Differentiating bacterial enterocolitis from acute severe ulcerative colitis (ASUC) is a common diagnostic problem. Monocytes play a role in the pathogenesis of ulcerative colitis and show variation in size, which is measurable as monocyte distribution width (MDW). We aimed to assess whether MDW can differentiate bacterial enterocolitis from ASUC and predict therapeutic response in ASUC.

Methods

We conducted a retrospective cohort study comprising three patient groups: ASUC, bacterial enterocolitis, and controls at a tertiary Australian center. MDW, routine biomarkers and clinical outcomes were recorded. Primary outcomes included the difference in MDW between patient groups and the performance of MDW in distinguishing ASUC from bacterial enterocolitis. Secondary outcomes included the prediction of treatment response in ASUC and the performance in identifying biochemical remission post-ASUC.

Results

176 patients were identified (53 ASUC, 70 bacterial enterocolitis and 53 controls). At presentation, patients with bacterial enterocolitis had the highest MDW (median 23.6, IQR 20.7–25.8) compared to ASUC (19.0, IQR 17.9–21.2; P < 0.001) and controls (16.8, IQR 15.9–18.0; P < 0.001). MDW discriminated bacterial enterocolitis from ASUC (Area under the curve [AUC]: 0.78, 95% CI: 0.70–0.87, P < 0.001). In ASUC, MDW correlated with CRP and fecal calprotectin.

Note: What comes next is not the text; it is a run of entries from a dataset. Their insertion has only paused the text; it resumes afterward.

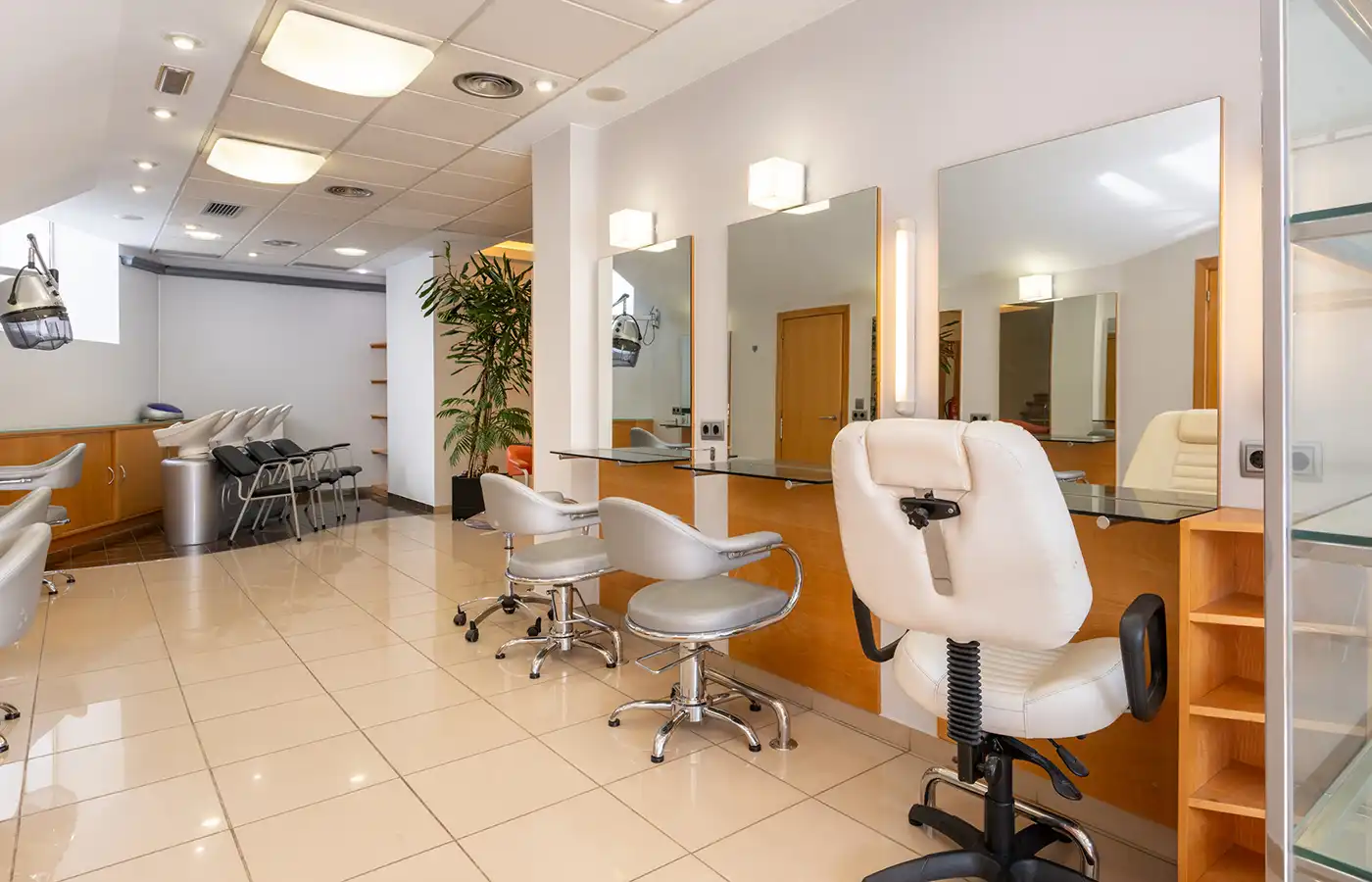 Local comercial en venda a Praza Galicia 2, imagen 41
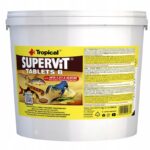 Կեր Tropical Supervit Tablets B (հաբեր)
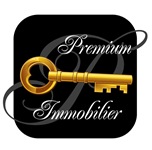 Logo premiumimmobilier.be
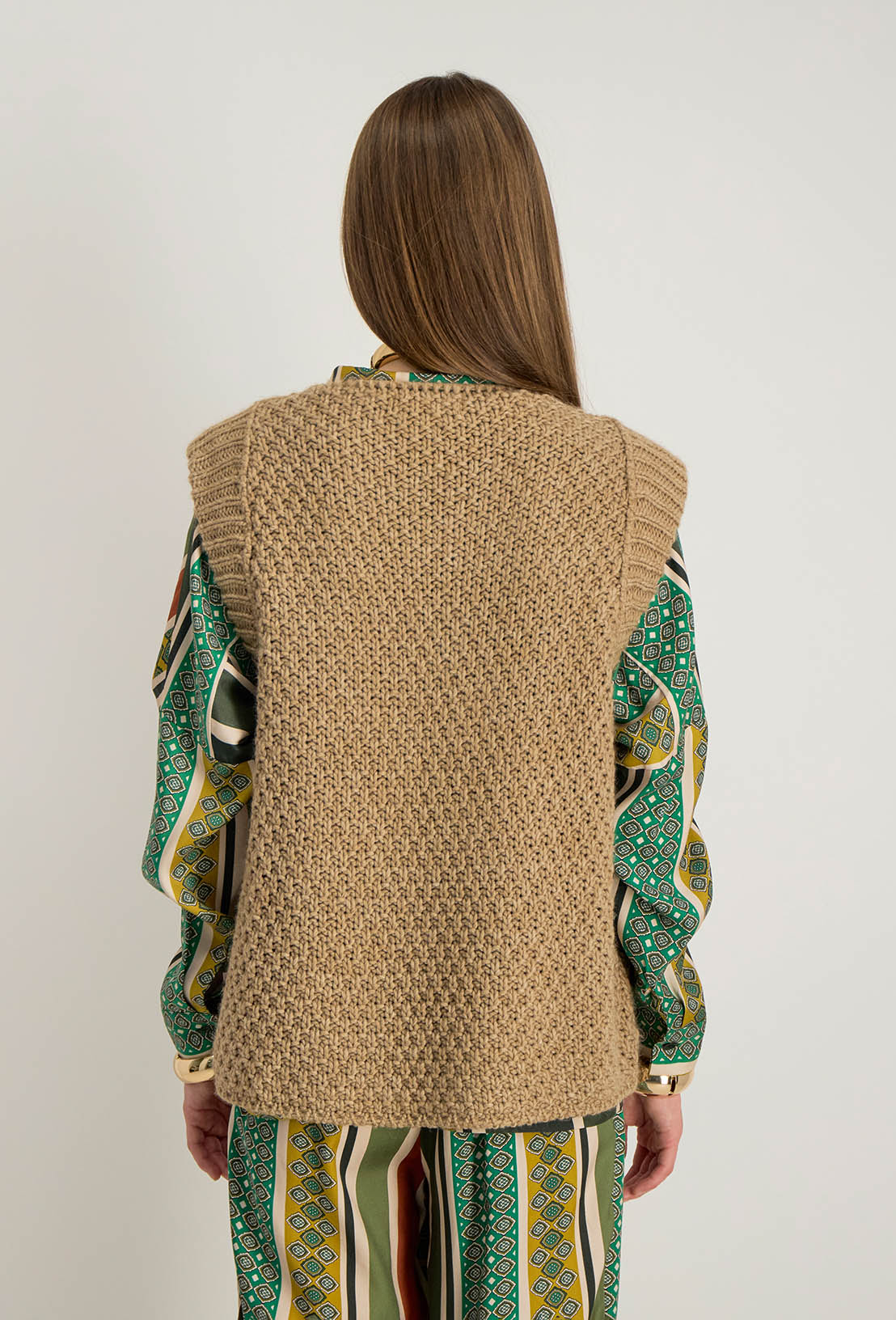 BIRELLE CARDIGAN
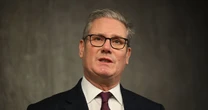 LiveKeir Starmer: Watch LIVE as PM unveils Digital ID card plan in major speech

MDW on the day of infliximab administration predicted infliximab response (AUC: 0.80, 95% CI: 0.61–1.0, P = 0.002). Three months post-ASUC, MDW identified biochemical remission (fecal calprotectin < 100 µg/g; AUC 0.80, 95% CI: 0.64–0.95, P < 0.001).

Conclusion

MDW is a novel biomarker that may help distinguish ASUC from bacterial enterocolitis. In patients with ASUC, MDW may predict inpatient infliximab response and identify biochemical remission at 3 months. Validation is required to confirm its utility.